Repeated Inverse Reinforcement Learning
- Kareem Amin ,
- Nan Jiang ,
- Satinder Singh
Advances in Neural Information Processing Systems 30 (NIPS 2017) |
How detailed should we make the goals we prescribe to AI agents acting on our behalf in complex environments? Detailed & low-level specification of goals can be tedious and expensive to create, and abstract & high-level goals could lead to negative surprises as the agent may find behaviors that we would not want it to do, i.e., lead to unsafe AI. One approach to addressing this dilemma is for the agent to infer human goals by observing human behavior. This is the Inverse Reinforcement Learning (IRL) problem.
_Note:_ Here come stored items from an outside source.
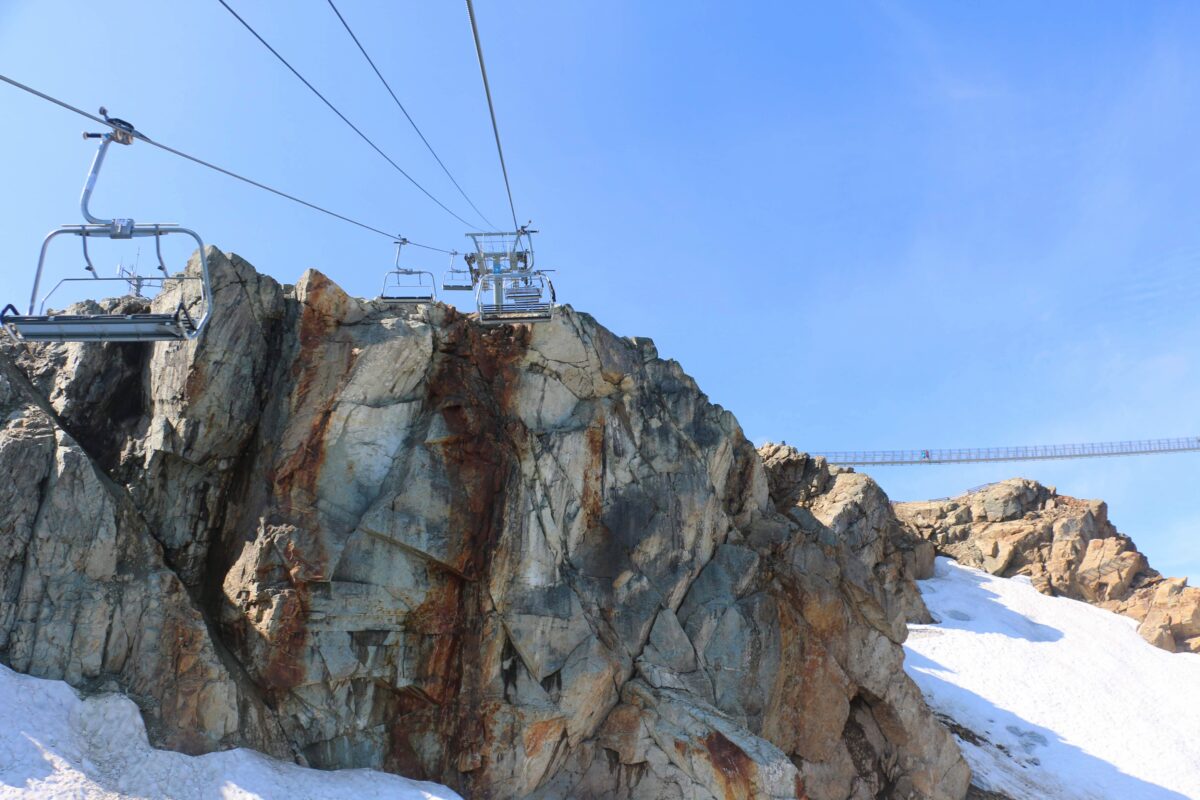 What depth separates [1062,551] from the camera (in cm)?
6738

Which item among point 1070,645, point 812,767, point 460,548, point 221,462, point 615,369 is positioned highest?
point 615,369

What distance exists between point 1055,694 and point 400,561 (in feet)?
141

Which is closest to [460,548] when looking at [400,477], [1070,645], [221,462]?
[400,477]

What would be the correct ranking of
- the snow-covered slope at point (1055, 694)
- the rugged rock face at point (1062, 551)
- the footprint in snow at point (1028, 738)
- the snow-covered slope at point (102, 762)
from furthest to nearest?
the rugged rock face at point (1062, 551) < the footprint in snow at point (1028, 738) < the snow-covered slope at point (1055, 694) < the snow-covered slope at point (102, 762)

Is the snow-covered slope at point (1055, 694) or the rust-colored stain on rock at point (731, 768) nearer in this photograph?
the rust-colored stain on rock at point (731, 768)

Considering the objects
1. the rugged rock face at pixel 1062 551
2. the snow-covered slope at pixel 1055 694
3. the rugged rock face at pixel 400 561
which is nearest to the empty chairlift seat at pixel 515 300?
the rugged rock face at pixel 400 561

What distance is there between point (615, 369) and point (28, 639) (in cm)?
1975

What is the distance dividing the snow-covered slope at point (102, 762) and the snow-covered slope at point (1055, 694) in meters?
31.8

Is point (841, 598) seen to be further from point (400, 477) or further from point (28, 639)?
point (28, 639)

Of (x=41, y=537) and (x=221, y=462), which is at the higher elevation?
(x=221, y=462)

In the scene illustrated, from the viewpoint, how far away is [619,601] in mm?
27906

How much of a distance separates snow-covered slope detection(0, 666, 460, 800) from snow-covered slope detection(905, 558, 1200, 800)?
31.8m

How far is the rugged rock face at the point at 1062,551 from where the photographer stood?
59688 millimetres

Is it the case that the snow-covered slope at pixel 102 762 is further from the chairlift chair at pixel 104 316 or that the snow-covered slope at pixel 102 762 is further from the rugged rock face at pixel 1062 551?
the rugged rock face at pixel 1062 551
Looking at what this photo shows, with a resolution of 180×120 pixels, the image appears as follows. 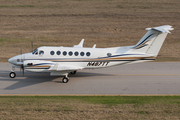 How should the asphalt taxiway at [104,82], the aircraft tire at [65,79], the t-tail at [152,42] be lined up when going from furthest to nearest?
1. the t-tail at [152,42]
2. the aircraft tire at [65,79]
3. the asphalt taxiway at [104,82]

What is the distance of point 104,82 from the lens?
60.3ft

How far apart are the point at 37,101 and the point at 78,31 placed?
27.3 metres

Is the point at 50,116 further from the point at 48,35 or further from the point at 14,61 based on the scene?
the point at 48,35

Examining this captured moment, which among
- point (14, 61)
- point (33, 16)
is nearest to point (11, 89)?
point (14, 61)

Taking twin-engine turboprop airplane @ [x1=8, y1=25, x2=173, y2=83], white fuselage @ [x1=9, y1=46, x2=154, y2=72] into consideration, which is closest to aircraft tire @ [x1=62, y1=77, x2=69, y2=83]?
twin-engine turboprop airplane @ [x1=8, y1=25, x2=173, y2=83]

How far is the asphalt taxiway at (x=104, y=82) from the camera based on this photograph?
16281mm

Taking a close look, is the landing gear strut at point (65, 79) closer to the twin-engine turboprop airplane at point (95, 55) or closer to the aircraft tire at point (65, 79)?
the aircraft tire at point (65, 79)

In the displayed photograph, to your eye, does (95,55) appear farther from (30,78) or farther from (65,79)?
(30,78)

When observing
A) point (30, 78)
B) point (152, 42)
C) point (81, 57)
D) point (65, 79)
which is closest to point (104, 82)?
point (81, 57)

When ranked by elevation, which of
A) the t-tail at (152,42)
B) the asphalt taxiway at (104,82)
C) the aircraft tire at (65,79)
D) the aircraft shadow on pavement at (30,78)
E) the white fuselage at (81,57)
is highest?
the t-tail at (152,42)

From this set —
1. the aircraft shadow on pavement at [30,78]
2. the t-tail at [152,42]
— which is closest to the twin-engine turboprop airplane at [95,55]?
the t-tail at [152,42]

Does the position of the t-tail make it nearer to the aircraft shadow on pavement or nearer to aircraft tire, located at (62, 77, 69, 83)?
the aircraft shadow on pavement

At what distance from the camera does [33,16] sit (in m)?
46.4

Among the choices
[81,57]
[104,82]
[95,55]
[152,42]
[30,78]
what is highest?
[152,42] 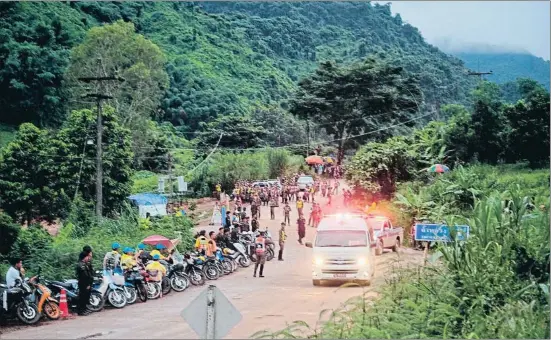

However, IRL is generally ill-posed for there are typically many reward functions for which the observed behavior is optimal. While the use of heuristics to select from among the set of feasible reward functions has led to successful applications of IRL to learning from demonstration, such heuristics do not address AI safety. In this paper we introduce a novel repeated IRL problem that captures an aspect of AI safety as follows. The agent has to act on behalf of a human in a sequence of tasks and wishes to minimize the number of tasks that it surprises the human. Each time the human is surprised the agent is provided a demonstration of the desired behavior by the human. We formalize this problem, including how the sequence of tasks is chosen, in a few different ways and provide some foundational results.